After Supreme Court setbacks, Dems wonder whether Biden White House is capable of urgency moment demands
WASHINGTON (CNN) — Debra Messing was fed up. The former “Will & Grace” star was among dozens of celebrity Democratic supporters and activists who joined a call with White House aides last Monday to discuss the Supreme Court overturning Roe v.
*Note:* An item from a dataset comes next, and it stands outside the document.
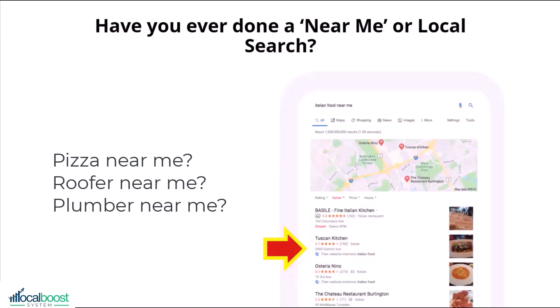But do you show up on local search? Have you ever searched for a pizza near me, or a roofer near me, or a plumber near me, or Italian food near me like you're seeing on the screen? Of course you have, and you probably got these results — the local results, sometimes referred to as the three-pack or the map pack, which are the top results in hyperlocal or near me search.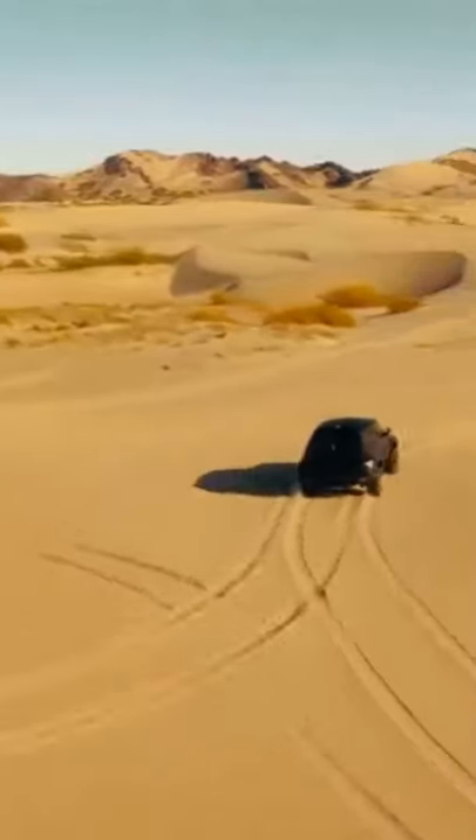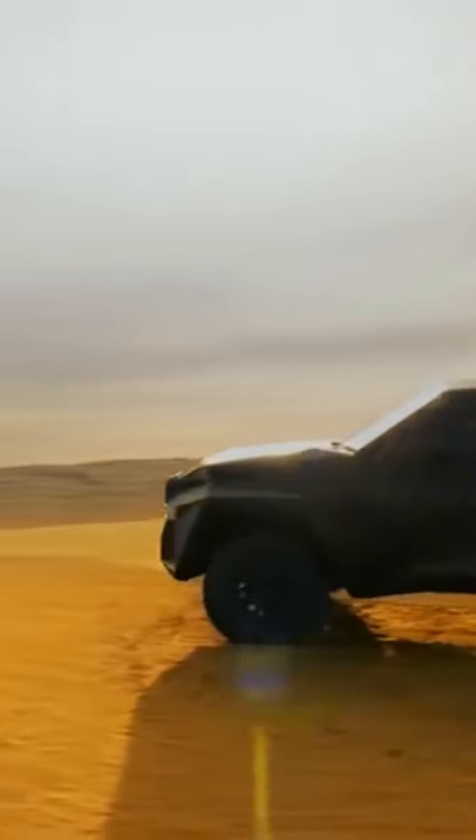The price is as expensive as 3.8 million dollars for the high-end bulletproof version.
Wade.
The mood was fatalistic, according to three people on the call, which was also co-organized by the advocacy group Build Back Better Together.
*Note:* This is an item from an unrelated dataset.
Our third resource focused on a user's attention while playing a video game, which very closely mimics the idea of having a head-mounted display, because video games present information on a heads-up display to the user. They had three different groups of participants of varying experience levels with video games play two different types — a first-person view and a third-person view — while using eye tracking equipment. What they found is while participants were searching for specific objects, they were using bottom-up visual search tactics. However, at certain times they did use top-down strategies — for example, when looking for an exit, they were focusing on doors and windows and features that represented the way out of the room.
Messing said she’d gotten Joe Biden elected and wanted to know why she was being asked to do anything at all, yelling that there didn’t even seem a point to voting.
Others wondered why the call was happening.
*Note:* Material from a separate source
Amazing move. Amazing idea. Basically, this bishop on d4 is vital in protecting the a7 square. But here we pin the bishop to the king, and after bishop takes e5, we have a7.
That afternoon, participants received a follow-up email with a list of basic talking points and suggestions of Biden speech clips to share on TikTok.
The call, three days after the decision eliminating federal abortion rights, encapsulates the overwhelming sense of frustration among Democrats with Biden.
It offers a new window into what many in the President’s party describe as a mismanagement permeating the White House.
Top Democrats complain the President isn’t acting with — or perhaps is even capable of — the urgency the moment demands.
Inside the White House, aides are exhausted from feeling forever on red alert, batting at a swarm of crises that keeps growing — enough for White House press secretary Karine Jean-Pierre to make an offhand joke about the constant “eleventh hour” decision-making in the building when under fire at a recent daily briefing.
The President who campaigned on putting America back together again after four years of deep divisions appears to have stopped trying, supporters say.
“There’s no fight,” another Democratic member told CNN. “People understand that a lot of this is out of his hands — but what you want to see is the President out there swinging.”